**Exercise objective**
Exactly as they appear below, repeat the lines from the one with "Gaming cafe and refreshment bar" through the one with "SDHC SDXC &", and no others.

**Material provided**
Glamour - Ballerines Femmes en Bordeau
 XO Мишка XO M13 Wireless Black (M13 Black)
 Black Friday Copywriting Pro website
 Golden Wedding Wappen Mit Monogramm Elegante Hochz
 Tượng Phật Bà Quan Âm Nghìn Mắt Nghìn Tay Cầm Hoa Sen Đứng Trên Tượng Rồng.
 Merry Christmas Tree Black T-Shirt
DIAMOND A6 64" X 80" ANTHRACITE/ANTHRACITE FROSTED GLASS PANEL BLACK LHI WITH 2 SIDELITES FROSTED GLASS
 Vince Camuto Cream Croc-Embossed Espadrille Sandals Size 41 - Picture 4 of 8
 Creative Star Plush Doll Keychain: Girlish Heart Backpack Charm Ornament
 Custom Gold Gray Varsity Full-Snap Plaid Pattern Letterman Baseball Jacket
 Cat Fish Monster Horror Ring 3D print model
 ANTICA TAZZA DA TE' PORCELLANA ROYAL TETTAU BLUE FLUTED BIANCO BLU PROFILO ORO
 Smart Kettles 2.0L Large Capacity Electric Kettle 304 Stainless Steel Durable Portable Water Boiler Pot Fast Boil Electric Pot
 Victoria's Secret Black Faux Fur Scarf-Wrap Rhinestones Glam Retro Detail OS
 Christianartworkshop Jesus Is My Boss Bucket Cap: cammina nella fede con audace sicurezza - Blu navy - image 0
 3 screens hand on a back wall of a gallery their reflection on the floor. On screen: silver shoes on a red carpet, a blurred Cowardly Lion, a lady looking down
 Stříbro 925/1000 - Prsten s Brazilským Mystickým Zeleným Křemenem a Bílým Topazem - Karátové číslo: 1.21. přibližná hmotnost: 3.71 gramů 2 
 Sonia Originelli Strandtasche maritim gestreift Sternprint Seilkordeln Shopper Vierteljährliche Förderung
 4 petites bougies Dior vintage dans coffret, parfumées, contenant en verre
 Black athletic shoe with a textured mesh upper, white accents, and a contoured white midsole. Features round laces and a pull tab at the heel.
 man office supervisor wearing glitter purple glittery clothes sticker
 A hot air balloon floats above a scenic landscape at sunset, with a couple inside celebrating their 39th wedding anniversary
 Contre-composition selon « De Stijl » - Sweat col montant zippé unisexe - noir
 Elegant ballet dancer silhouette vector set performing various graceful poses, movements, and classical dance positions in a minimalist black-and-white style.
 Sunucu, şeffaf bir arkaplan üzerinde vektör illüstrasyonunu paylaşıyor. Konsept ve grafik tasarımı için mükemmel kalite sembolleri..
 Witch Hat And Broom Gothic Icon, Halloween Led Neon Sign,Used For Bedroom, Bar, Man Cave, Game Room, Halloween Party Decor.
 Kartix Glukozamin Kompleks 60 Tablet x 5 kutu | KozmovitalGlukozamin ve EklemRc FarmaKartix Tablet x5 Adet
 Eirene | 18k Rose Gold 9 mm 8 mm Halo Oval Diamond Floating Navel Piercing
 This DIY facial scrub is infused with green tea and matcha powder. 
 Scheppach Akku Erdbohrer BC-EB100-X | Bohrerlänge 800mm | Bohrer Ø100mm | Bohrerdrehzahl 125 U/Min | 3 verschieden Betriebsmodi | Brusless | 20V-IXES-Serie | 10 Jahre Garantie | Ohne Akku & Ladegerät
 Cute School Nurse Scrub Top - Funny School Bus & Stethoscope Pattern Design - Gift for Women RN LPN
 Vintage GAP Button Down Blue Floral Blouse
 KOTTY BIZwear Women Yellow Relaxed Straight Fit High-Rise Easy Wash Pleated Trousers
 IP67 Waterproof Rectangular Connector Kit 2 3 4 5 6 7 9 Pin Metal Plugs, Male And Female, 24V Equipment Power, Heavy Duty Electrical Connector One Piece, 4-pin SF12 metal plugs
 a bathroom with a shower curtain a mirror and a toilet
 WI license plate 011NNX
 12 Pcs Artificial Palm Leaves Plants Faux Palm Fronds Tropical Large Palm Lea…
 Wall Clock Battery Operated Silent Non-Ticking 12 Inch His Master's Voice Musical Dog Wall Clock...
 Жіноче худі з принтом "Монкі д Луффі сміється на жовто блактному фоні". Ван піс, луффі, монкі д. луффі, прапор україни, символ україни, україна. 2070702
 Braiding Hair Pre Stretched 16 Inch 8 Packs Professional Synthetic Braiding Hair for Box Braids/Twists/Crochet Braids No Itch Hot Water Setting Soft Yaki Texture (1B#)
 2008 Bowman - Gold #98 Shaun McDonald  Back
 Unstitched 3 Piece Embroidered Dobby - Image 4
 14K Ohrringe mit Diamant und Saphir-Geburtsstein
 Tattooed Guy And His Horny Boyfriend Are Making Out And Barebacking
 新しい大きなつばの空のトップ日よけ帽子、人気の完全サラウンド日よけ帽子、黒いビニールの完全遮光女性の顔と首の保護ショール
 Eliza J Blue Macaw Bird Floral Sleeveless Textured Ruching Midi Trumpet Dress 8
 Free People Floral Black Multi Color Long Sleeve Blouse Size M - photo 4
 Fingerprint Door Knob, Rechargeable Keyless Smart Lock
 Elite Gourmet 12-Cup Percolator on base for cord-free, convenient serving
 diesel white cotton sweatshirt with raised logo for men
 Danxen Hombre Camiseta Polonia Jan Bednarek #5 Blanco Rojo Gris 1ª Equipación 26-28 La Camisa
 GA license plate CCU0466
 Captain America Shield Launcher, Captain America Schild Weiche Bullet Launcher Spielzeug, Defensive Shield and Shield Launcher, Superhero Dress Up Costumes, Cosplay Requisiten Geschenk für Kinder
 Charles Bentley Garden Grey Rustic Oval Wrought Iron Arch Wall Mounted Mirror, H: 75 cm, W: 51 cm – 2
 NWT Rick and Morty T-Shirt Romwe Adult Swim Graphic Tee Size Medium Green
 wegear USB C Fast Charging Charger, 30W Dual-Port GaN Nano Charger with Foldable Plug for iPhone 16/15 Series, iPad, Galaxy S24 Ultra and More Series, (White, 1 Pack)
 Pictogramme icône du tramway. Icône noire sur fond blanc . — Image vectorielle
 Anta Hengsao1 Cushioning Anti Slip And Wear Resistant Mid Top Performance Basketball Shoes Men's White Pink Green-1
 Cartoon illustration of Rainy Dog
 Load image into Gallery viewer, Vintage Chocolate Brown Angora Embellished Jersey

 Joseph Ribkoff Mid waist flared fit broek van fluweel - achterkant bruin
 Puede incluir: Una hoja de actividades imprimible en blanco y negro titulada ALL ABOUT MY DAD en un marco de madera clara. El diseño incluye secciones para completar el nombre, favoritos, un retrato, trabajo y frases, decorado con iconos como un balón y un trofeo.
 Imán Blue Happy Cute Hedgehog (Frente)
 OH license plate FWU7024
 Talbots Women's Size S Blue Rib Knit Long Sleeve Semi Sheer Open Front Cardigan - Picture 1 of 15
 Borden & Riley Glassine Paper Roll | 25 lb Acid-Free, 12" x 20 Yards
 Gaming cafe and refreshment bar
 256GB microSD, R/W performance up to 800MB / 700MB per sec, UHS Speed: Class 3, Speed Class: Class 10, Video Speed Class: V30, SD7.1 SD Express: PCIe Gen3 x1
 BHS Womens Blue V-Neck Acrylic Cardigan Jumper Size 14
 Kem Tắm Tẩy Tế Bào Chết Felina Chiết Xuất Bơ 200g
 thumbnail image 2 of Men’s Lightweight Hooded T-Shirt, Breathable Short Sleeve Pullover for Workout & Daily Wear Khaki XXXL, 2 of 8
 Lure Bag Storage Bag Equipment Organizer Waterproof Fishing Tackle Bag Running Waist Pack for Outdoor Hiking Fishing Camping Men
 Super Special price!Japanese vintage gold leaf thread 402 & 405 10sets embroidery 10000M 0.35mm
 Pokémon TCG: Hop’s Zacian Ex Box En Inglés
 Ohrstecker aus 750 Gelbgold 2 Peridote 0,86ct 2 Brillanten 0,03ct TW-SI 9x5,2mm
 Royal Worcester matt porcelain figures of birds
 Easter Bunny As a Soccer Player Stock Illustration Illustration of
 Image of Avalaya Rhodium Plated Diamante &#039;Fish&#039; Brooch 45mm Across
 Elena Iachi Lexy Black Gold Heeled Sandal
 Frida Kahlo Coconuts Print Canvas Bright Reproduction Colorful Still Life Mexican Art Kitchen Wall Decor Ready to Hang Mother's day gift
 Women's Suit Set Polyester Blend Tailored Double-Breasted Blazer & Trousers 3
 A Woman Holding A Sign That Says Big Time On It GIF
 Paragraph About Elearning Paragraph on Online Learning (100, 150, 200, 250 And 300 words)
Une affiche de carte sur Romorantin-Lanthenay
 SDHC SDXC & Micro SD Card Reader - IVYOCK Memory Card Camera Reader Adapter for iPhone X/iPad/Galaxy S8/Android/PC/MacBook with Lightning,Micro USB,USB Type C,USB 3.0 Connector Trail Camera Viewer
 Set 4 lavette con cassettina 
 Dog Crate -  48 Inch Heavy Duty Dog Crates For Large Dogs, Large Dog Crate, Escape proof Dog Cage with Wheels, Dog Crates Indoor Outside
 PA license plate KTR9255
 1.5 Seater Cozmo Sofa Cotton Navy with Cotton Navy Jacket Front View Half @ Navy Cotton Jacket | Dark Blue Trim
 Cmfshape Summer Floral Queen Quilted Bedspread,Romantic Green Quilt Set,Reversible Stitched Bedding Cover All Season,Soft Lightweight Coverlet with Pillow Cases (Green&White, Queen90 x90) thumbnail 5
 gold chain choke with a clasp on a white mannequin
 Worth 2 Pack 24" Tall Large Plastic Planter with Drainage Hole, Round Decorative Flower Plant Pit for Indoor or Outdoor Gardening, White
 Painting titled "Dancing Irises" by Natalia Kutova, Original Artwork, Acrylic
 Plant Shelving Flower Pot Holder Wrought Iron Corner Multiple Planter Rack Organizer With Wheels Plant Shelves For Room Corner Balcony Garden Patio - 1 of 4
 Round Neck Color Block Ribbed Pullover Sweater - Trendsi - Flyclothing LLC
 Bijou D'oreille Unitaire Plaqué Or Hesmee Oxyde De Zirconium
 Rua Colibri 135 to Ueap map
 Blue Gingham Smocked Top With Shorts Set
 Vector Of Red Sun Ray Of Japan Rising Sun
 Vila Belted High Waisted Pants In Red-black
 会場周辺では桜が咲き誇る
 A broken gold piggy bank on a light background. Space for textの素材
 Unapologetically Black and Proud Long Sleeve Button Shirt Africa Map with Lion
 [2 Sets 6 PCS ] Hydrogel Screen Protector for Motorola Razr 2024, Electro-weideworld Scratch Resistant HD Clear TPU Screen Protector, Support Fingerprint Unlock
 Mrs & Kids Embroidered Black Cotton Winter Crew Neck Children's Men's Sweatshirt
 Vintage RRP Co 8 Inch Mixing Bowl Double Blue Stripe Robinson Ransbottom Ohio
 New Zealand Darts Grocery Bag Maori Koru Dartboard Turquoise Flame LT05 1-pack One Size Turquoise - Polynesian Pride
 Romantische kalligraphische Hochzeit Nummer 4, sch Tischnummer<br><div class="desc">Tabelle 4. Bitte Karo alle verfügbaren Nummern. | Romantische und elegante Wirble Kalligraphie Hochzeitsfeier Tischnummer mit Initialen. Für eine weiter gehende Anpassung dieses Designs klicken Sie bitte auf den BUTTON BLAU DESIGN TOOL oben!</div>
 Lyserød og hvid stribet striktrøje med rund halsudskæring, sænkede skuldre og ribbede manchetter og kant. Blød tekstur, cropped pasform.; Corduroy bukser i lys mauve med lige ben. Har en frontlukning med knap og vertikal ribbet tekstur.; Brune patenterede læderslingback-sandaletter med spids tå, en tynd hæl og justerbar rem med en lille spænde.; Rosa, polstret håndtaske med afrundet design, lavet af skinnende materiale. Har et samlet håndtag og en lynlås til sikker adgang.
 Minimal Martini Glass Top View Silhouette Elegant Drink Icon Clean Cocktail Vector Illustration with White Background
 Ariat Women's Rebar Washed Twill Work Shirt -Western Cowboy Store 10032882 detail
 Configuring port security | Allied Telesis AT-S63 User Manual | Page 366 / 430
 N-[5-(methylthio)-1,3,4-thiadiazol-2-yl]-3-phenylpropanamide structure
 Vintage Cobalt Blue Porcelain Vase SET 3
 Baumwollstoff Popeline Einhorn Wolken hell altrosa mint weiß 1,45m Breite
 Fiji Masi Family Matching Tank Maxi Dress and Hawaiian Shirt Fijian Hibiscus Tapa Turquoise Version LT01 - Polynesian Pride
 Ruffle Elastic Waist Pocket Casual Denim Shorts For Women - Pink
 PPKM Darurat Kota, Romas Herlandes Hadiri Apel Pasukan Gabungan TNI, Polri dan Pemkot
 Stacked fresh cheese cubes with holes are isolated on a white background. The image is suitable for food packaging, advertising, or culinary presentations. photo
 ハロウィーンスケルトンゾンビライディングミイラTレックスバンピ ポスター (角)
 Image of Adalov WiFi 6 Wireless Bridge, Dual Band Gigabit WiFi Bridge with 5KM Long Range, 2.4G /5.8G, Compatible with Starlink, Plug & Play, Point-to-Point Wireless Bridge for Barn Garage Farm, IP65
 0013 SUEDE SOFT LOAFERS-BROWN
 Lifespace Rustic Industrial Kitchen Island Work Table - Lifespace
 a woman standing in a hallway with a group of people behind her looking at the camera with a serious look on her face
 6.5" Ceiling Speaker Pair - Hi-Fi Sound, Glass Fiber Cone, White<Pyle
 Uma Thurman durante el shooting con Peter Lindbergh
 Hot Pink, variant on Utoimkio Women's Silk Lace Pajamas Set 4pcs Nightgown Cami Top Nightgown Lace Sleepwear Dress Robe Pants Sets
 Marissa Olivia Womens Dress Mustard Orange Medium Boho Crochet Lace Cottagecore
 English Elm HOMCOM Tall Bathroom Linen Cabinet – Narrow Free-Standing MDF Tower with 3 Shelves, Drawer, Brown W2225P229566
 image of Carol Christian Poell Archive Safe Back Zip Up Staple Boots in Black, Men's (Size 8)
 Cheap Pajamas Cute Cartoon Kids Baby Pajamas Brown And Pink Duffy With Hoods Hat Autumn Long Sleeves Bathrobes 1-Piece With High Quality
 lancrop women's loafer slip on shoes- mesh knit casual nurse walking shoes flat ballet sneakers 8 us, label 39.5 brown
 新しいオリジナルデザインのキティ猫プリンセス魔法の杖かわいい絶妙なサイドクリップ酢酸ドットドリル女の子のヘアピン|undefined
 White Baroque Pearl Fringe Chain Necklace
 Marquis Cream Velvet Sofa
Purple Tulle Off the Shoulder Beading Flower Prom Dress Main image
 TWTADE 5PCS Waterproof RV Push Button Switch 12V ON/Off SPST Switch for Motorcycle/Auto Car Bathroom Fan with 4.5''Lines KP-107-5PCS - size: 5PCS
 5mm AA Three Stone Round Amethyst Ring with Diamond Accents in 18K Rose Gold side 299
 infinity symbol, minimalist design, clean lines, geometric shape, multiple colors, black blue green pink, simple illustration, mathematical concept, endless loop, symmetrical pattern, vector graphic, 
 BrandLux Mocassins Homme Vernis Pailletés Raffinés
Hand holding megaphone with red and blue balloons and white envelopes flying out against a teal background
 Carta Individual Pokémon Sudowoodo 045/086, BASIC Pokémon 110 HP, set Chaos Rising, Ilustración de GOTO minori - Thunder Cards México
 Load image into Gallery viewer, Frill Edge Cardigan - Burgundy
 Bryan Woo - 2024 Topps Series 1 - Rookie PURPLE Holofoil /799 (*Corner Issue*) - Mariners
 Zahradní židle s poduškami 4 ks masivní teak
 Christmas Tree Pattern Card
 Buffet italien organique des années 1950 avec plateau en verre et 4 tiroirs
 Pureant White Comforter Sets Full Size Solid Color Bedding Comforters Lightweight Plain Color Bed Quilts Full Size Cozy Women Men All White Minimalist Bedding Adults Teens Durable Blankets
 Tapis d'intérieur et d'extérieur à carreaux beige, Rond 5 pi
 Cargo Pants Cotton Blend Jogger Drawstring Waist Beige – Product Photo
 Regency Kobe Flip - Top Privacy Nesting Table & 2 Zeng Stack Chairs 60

**Output of the task**
 Gaming cafe and refreshment bar
 256GB microSD, R/W performance up to 800MB / 700MB per sec, UHS Speed: Class 3, Speed Class: Class 10, Video Speed Class: V30, SD7.1 SD Express: PCIe Gen3 x1
 BHS Womens Blue V-Neck Acrylic Cardigan Jumper Size 14
 Kem Tắm Tẩy Tế Bào Chết Felina Chiết Xuất Bơ 200g
 thumbnail image 2 of Men’s Lightweight Hooded T-Shirt, Breathable Short Sleeve Pullover for Workout & Daily Wear Khaki XXXL, 2 of 8
 Lure Bag Storage Bag Equipment Organizer Waterproof Fishing Tackle Bag Running Waist Pack for Outdoor Hiking Fishing Camping Men
 Super Special price!Japanese vintage gold leaf thread 402 & 405 10sets embroidery 10000M 0.35mm
 Pokémon TCG: Hop’s Zacian Ex Box En Inglés
 Ohrstecker aus 750 Gelbgold 2 Peridote 0,86ct 2 Brillanten 0,03ct TW-SI 9x5,2mm
 Royal Worcester matt porcelain figures of birds
 Easter Bunny As a Soccer Player Stock Illustration Illustration of
 Image of Avalaya Rhodium Plated Diamante &#039;Fish&#039; Brooch 45mm Across
 Elena Iachi Lexy Black Gold Heeled Sandal
 Frida Kahlo Coconuts Print Canvas Bright Reproduction Colorful Still Life Mexican Art Kitchen Wall Decor Ready to Hang Mother's day gift
 Women's Suit Set Polyester Blend Tailored Double-Breasted Blazer & Trousers 3
 A Woman Holding A Sign That Says Big Time On It GIF
 Paragraph About Elearning Paragraph on Online Learning (100, 150, 200, 250 And 300 words)
Une affiche de carte sur Romorantin-Lanthenay
 SDHC SDXC & Micro SD Card Reader - IVYOCK Memory Card Camera Reader Adapter for iPhone X/iPad/Galaxy S8/Android/PC/MacBook with Lightning,Micro USB,USB Type C,USB 3.0 Connector Trail Camera Viewer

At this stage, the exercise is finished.